We rarely hear when policies work as they should. Case in point: Thanks to the Affordable Care Act, the uninsured rate in America has matched an all-time record low of 8.6% last year. We still need to do more to ensure that everyone has health insurance — especially considering the fact that the uninsured are largely Native Americans and other nonwhite Americans who frequently lose out on large federal investments like this.

The happy truth about governance is that there’s always more to do, and we can always learn from failures in the system. Last year, Senators Ron Wyden, Michael Bennet, and Sherrod Brown announced a new bill that would reform the unemployment system, fixing many of the problems that were revealed during the pandemic when millions of Americans suddenly lost their jobs.

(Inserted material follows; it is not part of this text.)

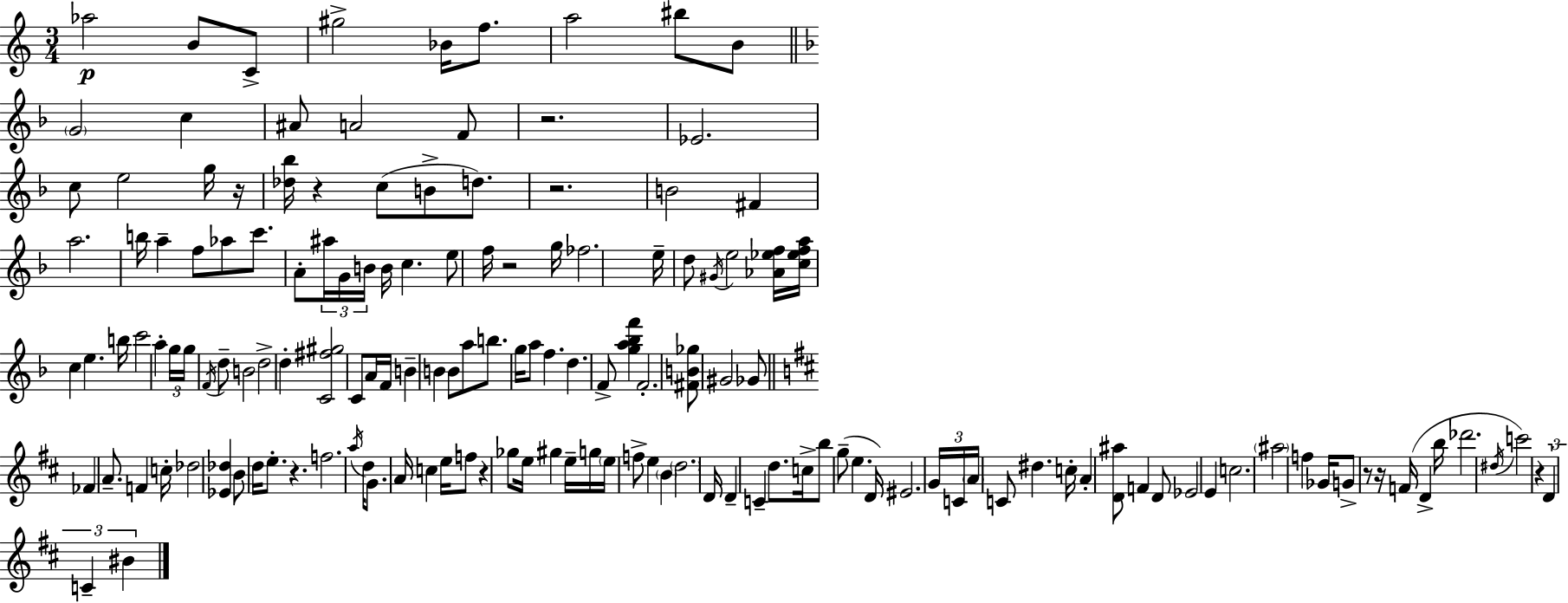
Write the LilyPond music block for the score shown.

Last week, National Employment Law Project Executive Director Rebecca Dixon testified before the House in support of the bill, which would ensure that workers in all 50 states — including part-time workers — have access to 26 weeks of benefits, and it would make it easier for people to access their benefits on mobile devices and in multiple languages. Extended unemployment benefits are a big reason why the US had one of the best pandemic recoveries in the world because they ensured that more Americans had more money to spend in their communities, thereby saving and creating jobs. Wyden’s Unemployment Insurance Improvement Act would apply those pandemic-era lessons to our current unemployment system, ensuring that nobody falls out of the economy because they lose their job.

Be kind. Be brave. Get vaccinated — and don’t forget your booster.